● **RECORDS PROVIDED**
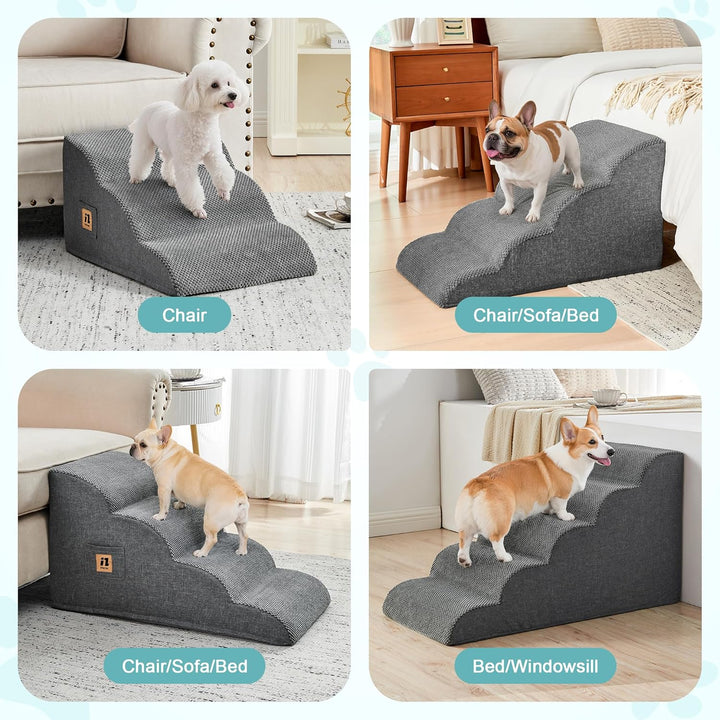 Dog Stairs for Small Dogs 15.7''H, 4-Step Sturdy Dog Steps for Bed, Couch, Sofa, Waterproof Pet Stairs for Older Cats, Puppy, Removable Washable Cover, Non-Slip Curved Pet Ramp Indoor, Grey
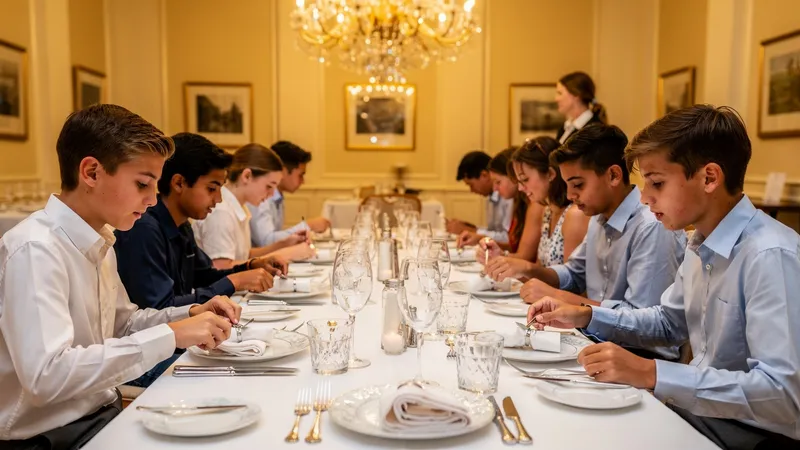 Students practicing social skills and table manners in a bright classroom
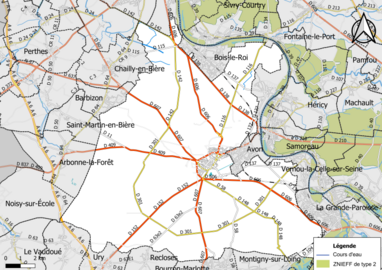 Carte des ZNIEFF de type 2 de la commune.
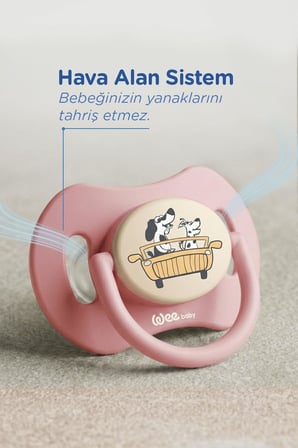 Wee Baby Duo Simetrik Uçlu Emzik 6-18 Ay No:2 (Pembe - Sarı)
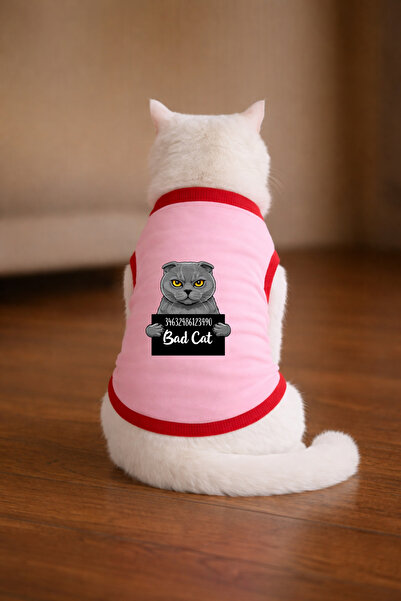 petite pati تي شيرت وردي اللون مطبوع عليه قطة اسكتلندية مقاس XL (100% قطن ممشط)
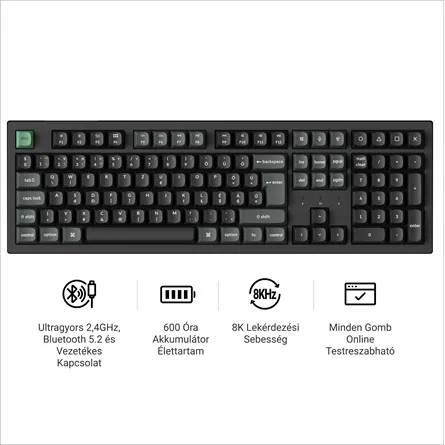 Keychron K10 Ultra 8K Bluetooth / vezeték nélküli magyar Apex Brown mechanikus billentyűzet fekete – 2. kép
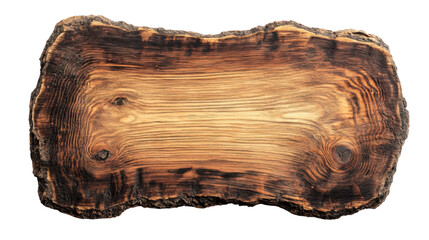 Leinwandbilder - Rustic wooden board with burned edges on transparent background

● **ACTIVITY**
Each line from the one holding "Keychron K10 Ultra" to the end of the records above must be copied exactly; the pictures must not be copied.

● **ANSWER SECTION**
 Keychron K10 Ultra 8K Bluetooth / vezeték nélküli magyar Apex Brown mechanikus billentyűzet fekete – 2. kép
 Leinwandbilder - Rustic wooden board with burned edges on transparent background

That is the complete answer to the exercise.